I don't know what kind of stainless steel he used. My guess would be class 304. He initially installed wood countertops, sealed them and then covered them with stainless. I can't remember how he attached the metal to the wood countertops. Sometimes he installed insulation between them so they must have been attached around the edges somehow. They didn't warp with change of temperature so he must have had some free edges to accomodate the diferences in thermal expansion rates.

Clancy was in his early 60s back then so he is probably gone now. Customers were always blown away with his work. I loved being around when the Boss brought them by. He was largely responsible for the reputation of the yard.

Nicholas Carey
07-27-2001, 02:01 PM
Originally posted by Ironmule:
With respect to your cooking safety question, over on the Historical Trekking forum there've been several discussions of the safety of copper pots for cooking. It seems that when an acidic recipe is cooked and then left to sit in the pot for a while, enough copper can be etched from the pot to make for health problems. Recipes containing acids like vinegar and such seem to be OK if not left to sit around.

[puts on the tocque indicative of le chef de cuisine]

Traditionally, copper pots were always tinned. The only pots not tinned were specialized pots used for making caramel (melting sugar.) The reason that caramel pots are not tinned is that the process of caramel manufacture requires temperatures in the immediate vicinity of tin's melting point.

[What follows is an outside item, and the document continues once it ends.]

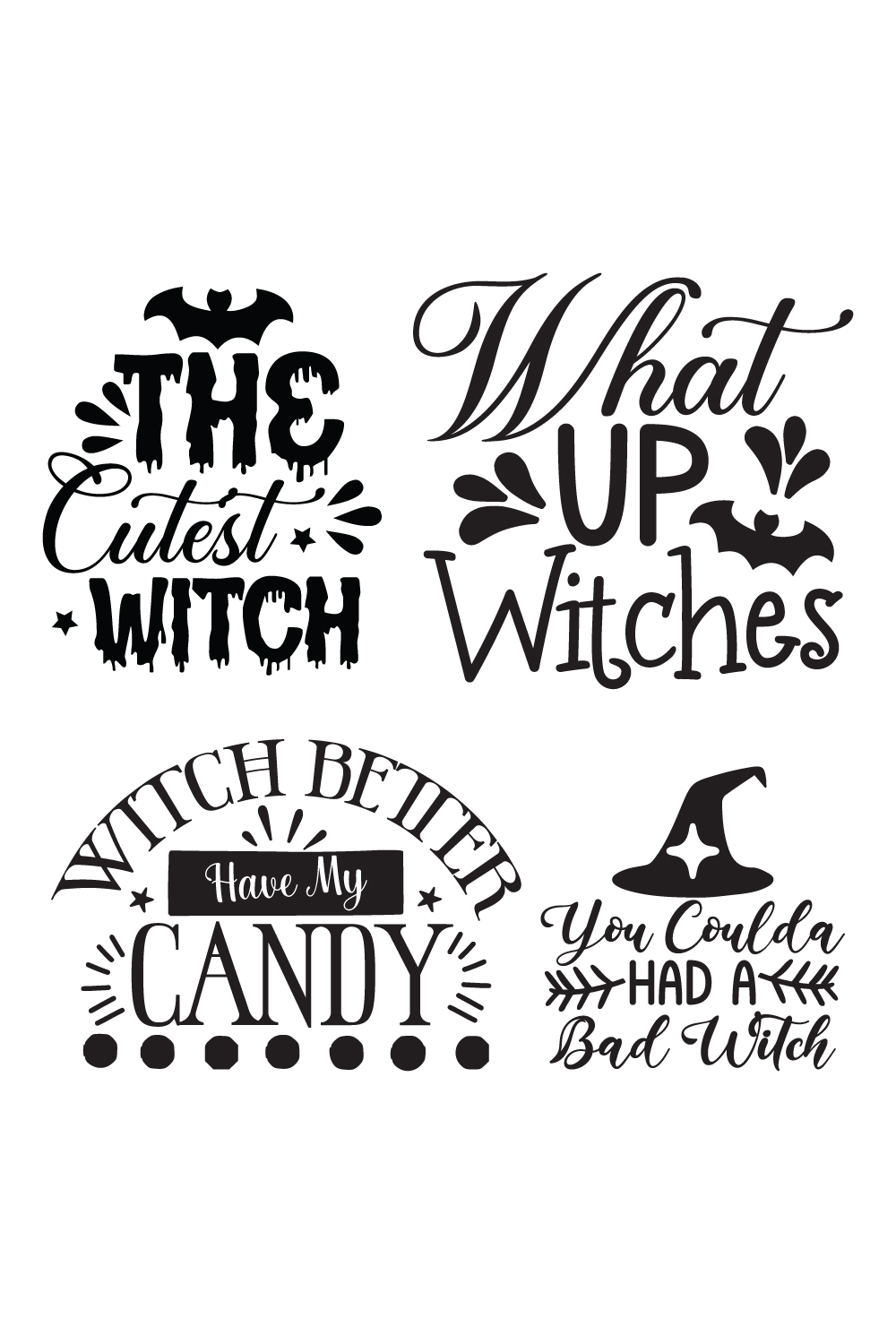 witches svg bundle pinterest preview image.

Pots are tinned by heating them to an appropriate temperature and then rubbing a block of tin on the hot copper -- it's basically a coat of pure tin solder. However, tinned copper is fragile and doesn't deal well with high temperatures. The tinning must also be renewed every few years (depending on use.)

In recent years, technology has advanced and a process of laminating a thin layer of stainless steel to a thick layer of copper has been developed. This has largely supplanted tinned copper in the restaurant trade as it is much more durable than tin.

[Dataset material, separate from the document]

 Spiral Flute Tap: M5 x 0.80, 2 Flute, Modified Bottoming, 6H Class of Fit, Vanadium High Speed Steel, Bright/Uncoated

Tinned copper pots are still available, though, as a cook, tinned copper pots are about the best pots available. The heat conductivity is absolutely amazing: no hot spots, almost not sticking. Builds strong arms, too: you want restaurant weight pots, which have 3mm copper walls (the lighter, 'household' pots have 1.5mm walls. A 25cm/10in saute' pan in restaurant weight runs in the vicinity of 4kg/8-9lbs.

Nicholas Carey
07-27-2001, 02:19 PM
Originally posted by mm:
I'm new at this cyberworld stuff, but am deep into a 1920s wood power cruiser's restoration. Anyone have thoughts, knowledge, or opinions about what metal to use for a small galley counter-top? The old one was a mystery- maybe monel- but definitely had lead welding bits- not a good thing around food, etc. I'm leaning towards copper, but have heard that monel would be more historically correct. I'm looking for a balance between history and health.

Well, pure zinc sheet is a very traditional material for bar tops. That's why the bar in a french cafe is referred to as 'le zinc.' Your counter may well be zinc -- it tends to turn into a shiny, deep grey surface. It has none of the 'snowflake' type of crystals typical of galvanized metal.

Pure tin makes a fine solder as well -- it used to be the only material toothpaste tubes could be made from.

Stainless has a certain utilitarian quality to it that's hard to beat. And either brass or nickel silver (german silver) would make a mighty fine looking counter top (if expensive.) Nickel silver actually has no silver in it: it's a alloy of 60% copper 20% nickel and 20% tin or so.

To do a good shop bending in sheet metal you'll need a sheet metal brake -- visit the metalheads over in rec.arts.metalwork for more information. But it may be more cost-effective to hire out the countertop to a sheet metal shop that specializes in food-grade work.

For copper/brass/nickel silver sheet, you don't want to lacquer it as the lacquer will get scratched. Just keep it polished and waxed -- the copper oxides are the easiest way it gets into food.